START AVAILABLE DATA
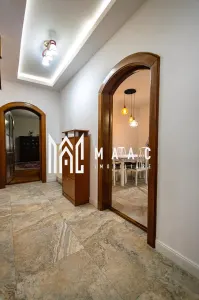 Apartament 4 camere I Decomandat I Garaj I B-dul Victoriei - foto 14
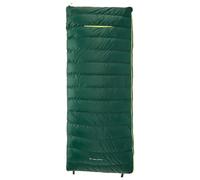 Nordisk Sac De Couchage Tension Brick 200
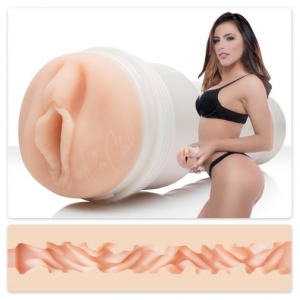 5 mind-blowing reasons Adriana Chechik Empress Masturbator will redefine pleasure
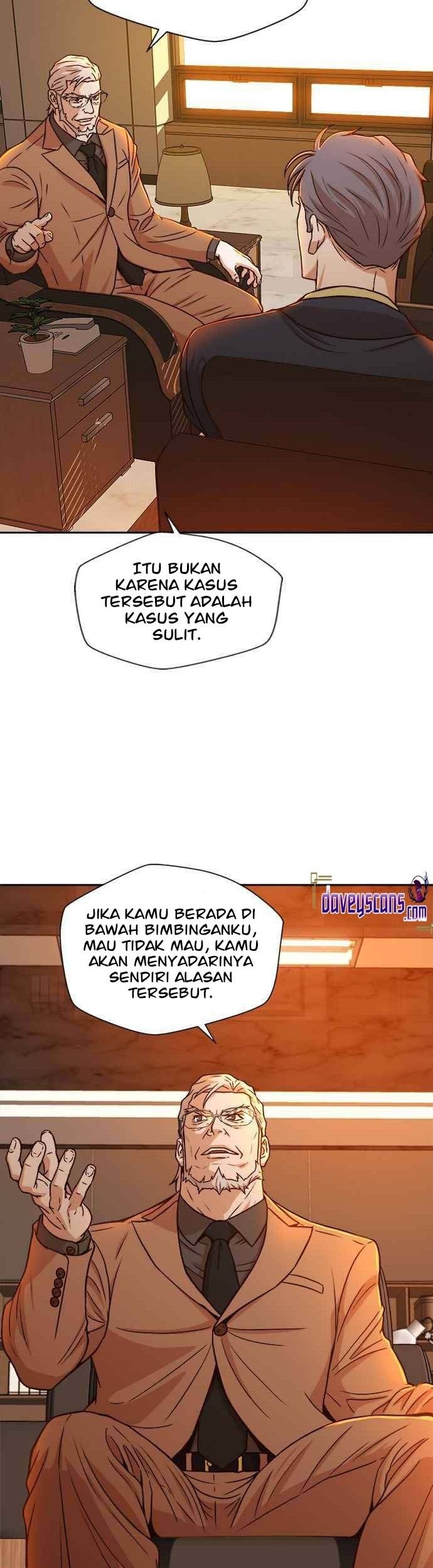 Judge Lee Han Young Bab 23 halaman 13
END AVAILABLE DATA
Repeat each line word for word, from the one with "5 mind-blowing reasons" down to the last line of the data, and keep the pictures out of it.

■ EXERCISE RESPONSE ■
 5 mind-blowing reasons Adriana Chechik Empress Masturbator will redefine pleasure
 Judge Lee Han Young Bab 23 halaman 13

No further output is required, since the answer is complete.